A week ago, Yolanda and I drove to Anissa’s college to bring her home for fall break. She asked us to bring a futon with us, so we bought one at Walmart, hoisted it into the back of the Windstar and headed out. On the way, however, the “Service Engine Light” glowed an ominous orange on the dashboard.
Yolanda and I exchanged uncertain looks.
“I don’t want anything to happen to my van,” she said. “Take it in as soon as we get home.”
The local shop we’ve used for years ran a diagnostic test and determined that in order to stop that orange light from shining we needed a part that would cost $500 plus labor.
“What happens if we don’t install it?” I asked. “The car has 153,000 miles on it and is probably worth $1,500. Will the engine be damaged? The orange light stay on?”

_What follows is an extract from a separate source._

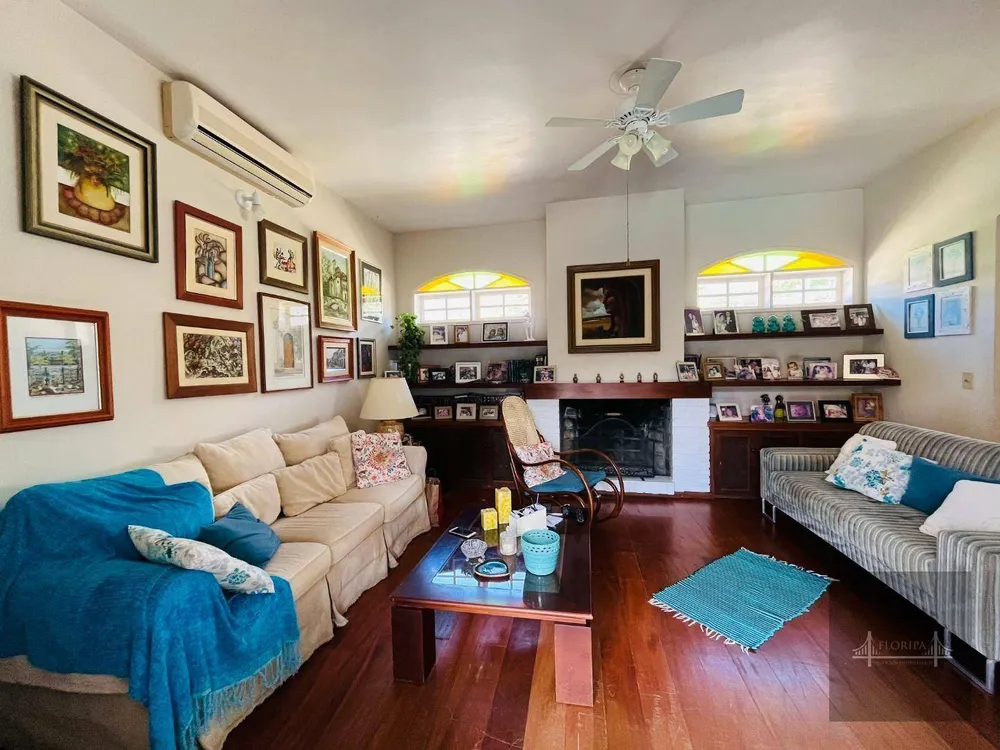 Casa, 3 quartos, 240 m² - Foto 4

“You’re not gonna hurt anything except gas mileage. She may start rough, sometimes. That light’ll stay on, though. Lots of cars have been driven lots of miles with that light on. But, well, you know, it’s an old car.”
“That it is,” I said.
The next morning was Saturday. We were scheduled to drive to Normal for parents weekend with our son, do some tailgating, see a football game. A tailor-made trip for the Windstar, so we loaded her up and took off.
It was a sunny, crisp, college brochure picture of a day. We pulled the van into the last spot of a crowded lot, hauled out the grill, table, coolers and canvas chairs and left the hatchback open. We met Michael’s girlfriend’s parents for the first time, grilled fajitas and drank beer. A buddy of mine from high school dropped by. We leaned against the Windstar and caught up with one another. It was a perfect day in every way. The home team even won. After the game we piled into the Winsdstar.
I glanced into the rear view mirror as we drove along the two lane highway that leads to our little town. A now eighteen year old Anissa was asleep in the back, her face as untroubled as if she were still eight, snug and secure in the reclined seat.
Empty, harvested fields stretched across the horizon on either side. Winter approaching, the farmers are tending to their equipment in machine sheds, already preparing for spring planting.
I patted Yolanda’s knee and we swapped smiles. I turned my attention to the open road and nudged the Windstar up to cruising speed, doing my best to ignore the orange light glowing from the dashboard.